• TO DO
Return exactly the span of lines in the following data that opens with the line containing "Double-storey house let" and closes with the line containing "Group 1, Small Plush Pet Bed". Include nothing else.

• EXERCISE MATERIAL
**********

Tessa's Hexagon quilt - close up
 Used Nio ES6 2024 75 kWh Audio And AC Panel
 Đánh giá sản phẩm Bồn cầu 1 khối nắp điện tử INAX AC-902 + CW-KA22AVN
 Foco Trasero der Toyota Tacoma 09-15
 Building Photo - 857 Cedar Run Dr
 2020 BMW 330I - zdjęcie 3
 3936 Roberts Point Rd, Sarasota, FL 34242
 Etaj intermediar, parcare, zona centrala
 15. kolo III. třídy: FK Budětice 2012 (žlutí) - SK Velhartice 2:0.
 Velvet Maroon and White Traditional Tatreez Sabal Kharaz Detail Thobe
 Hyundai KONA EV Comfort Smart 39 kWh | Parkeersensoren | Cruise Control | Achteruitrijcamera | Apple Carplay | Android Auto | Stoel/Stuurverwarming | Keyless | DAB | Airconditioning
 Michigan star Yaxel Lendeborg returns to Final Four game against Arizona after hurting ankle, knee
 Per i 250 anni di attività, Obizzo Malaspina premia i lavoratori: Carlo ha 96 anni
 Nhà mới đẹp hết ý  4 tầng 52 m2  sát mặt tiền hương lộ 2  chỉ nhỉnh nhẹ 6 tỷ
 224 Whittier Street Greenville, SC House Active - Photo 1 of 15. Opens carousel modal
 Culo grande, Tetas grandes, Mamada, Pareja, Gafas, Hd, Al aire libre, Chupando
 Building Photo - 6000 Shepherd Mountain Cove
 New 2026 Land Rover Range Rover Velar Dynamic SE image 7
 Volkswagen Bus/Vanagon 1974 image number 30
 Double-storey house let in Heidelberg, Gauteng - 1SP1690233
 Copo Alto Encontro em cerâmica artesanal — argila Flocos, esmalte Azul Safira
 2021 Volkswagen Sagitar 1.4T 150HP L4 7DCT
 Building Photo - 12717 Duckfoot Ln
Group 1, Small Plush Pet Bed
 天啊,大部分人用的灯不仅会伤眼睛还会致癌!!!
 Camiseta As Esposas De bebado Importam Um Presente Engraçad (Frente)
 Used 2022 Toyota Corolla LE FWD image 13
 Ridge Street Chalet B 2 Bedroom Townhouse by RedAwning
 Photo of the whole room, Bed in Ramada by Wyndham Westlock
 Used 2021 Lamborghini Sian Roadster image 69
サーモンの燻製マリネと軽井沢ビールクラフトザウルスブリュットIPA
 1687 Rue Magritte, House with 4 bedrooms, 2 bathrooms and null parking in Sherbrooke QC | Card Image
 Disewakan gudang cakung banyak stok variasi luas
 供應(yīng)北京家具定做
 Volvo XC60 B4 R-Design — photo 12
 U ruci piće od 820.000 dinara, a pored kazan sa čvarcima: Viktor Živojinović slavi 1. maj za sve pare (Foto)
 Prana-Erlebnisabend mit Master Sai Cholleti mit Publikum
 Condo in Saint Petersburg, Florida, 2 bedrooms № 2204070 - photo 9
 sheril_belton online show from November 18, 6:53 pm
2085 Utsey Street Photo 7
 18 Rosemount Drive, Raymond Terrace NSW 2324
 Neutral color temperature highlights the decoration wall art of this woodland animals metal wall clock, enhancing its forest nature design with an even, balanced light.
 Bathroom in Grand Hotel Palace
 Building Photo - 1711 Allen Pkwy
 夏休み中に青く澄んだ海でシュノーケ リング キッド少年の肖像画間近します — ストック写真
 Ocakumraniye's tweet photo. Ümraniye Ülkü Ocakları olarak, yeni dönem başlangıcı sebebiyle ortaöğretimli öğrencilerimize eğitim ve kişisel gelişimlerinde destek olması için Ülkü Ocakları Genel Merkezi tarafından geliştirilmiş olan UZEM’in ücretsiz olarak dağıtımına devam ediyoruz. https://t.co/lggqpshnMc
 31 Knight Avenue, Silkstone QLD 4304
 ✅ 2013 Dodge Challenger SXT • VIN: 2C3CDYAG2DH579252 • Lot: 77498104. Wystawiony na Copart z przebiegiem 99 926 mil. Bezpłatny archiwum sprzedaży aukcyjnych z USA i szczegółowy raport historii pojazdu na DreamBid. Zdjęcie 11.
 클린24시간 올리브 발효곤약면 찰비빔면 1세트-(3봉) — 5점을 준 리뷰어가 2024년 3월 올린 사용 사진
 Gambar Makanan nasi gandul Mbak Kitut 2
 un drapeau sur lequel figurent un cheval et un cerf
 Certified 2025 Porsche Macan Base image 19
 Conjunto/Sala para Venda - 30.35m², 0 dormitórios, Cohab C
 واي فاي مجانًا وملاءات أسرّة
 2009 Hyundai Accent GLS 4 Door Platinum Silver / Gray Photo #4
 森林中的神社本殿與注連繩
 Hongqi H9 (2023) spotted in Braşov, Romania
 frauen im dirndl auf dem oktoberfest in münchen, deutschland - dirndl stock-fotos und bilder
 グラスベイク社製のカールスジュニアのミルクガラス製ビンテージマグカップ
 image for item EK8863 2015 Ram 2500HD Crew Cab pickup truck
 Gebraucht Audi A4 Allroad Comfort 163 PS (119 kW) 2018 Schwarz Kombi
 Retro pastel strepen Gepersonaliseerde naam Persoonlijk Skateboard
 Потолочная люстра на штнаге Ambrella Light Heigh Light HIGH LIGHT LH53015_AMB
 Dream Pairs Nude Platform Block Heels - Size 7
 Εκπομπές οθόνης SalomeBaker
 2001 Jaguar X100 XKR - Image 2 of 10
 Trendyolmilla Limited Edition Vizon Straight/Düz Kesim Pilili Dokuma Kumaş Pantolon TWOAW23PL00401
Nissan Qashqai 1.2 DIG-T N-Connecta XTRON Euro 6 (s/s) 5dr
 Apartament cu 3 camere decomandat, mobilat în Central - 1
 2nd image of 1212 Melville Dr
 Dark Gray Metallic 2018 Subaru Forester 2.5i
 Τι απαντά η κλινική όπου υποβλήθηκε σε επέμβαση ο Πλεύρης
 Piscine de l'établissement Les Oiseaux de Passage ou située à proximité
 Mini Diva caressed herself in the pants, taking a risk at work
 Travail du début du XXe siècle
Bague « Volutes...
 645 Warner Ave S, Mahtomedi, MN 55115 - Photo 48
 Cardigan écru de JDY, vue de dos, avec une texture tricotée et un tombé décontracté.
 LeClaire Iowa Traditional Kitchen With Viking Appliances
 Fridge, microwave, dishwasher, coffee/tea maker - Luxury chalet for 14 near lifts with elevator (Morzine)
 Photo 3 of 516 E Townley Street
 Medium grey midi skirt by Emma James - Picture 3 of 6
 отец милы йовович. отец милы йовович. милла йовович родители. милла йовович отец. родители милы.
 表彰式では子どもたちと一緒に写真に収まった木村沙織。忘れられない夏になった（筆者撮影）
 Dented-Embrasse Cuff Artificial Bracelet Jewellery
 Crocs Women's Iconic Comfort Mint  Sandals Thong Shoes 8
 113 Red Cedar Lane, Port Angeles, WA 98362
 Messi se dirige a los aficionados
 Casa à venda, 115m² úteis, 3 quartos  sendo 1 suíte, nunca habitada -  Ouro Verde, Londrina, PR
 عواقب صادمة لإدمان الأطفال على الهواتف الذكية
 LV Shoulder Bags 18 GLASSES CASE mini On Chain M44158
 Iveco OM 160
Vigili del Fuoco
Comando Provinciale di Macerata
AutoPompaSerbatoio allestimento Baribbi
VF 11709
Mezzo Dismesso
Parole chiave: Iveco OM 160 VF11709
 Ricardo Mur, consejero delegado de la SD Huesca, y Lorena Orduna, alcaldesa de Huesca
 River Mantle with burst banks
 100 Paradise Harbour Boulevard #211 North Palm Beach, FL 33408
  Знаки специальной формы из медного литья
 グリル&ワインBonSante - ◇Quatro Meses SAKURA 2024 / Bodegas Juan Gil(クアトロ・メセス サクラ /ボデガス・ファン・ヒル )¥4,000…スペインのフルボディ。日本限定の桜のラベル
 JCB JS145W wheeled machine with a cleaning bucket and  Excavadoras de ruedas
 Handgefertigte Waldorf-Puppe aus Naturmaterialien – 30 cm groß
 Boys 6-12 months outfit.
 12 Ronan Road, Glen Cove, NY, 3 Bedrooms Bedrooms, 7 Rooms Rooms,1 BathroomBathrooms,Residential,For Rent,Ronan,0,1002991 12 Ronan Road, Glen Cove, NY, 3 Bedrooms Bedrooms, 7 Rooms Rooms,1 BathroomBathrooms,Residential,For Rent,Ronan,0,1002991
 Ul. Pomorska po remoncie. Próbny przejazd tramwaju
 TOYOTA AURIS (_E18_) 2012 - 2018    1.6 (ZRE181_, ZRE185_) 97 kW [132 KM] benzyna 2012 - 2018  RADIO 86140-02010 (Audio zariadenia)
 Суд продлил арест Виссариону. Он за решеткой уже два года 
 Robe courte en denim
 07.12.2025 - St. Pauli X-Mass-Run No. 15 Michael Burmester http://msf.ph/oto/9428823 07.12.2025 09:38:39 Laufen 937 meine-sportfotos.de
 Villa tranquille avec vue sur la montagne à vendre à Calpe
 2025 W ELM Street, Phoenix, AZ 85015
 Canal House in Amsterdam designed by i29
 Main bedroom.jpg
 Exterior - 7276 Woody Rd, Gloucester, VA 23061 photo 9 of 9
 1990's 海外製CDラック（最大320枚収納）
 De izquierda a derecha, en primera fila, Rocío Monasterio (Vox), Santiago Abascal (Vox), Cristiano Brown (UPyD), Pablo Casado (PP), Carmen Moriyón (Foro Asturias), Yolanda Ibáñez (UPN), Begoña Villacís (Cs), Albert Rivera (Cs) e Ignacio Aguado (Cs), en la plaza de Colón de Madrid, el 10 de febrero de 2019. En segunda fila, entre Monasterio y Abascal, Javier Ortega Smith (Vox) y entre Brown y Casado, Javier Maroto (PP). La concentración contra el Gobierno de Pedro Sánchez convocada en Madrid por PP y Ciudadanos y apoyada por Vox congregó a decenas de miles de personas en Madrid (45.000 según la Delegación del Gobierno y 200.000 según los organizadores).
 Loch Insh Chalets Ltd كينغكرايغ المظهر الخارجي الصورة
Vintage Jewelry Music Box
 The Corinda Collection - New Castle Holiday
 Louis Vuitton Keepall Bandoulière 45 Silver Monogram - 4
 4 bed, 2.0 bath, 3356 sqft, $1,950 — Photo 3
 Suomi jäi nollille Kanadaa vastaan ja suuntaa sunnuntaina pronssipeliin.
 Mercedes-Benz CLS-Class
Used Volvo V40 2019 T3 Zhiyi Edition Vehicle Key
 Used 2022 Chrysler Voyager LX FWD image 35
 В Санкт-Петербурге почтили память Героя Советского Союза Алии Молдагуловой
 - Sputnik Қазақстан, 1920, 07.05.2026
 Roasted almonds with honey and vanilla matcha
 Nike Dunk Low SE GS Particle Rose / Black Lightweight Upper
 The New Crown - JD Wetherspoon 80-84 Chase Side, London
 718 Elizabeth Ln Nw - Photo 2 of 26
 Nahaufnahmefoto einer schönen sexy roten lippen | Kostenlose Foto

**********

• SOLUTION
 Double-storey house let in Heidelberg, Gauteng - 1SP1690233
 Copo Alto Encontro em cerâmica artesanal — argila Flocos, esmalte Azul Safira
 2021 Volkswagen Sagitar 1.4T 150HP L4 7DCT
 Building Photo - 12717 Duckfoot Ln
Group 1, Small Plush Pet Bed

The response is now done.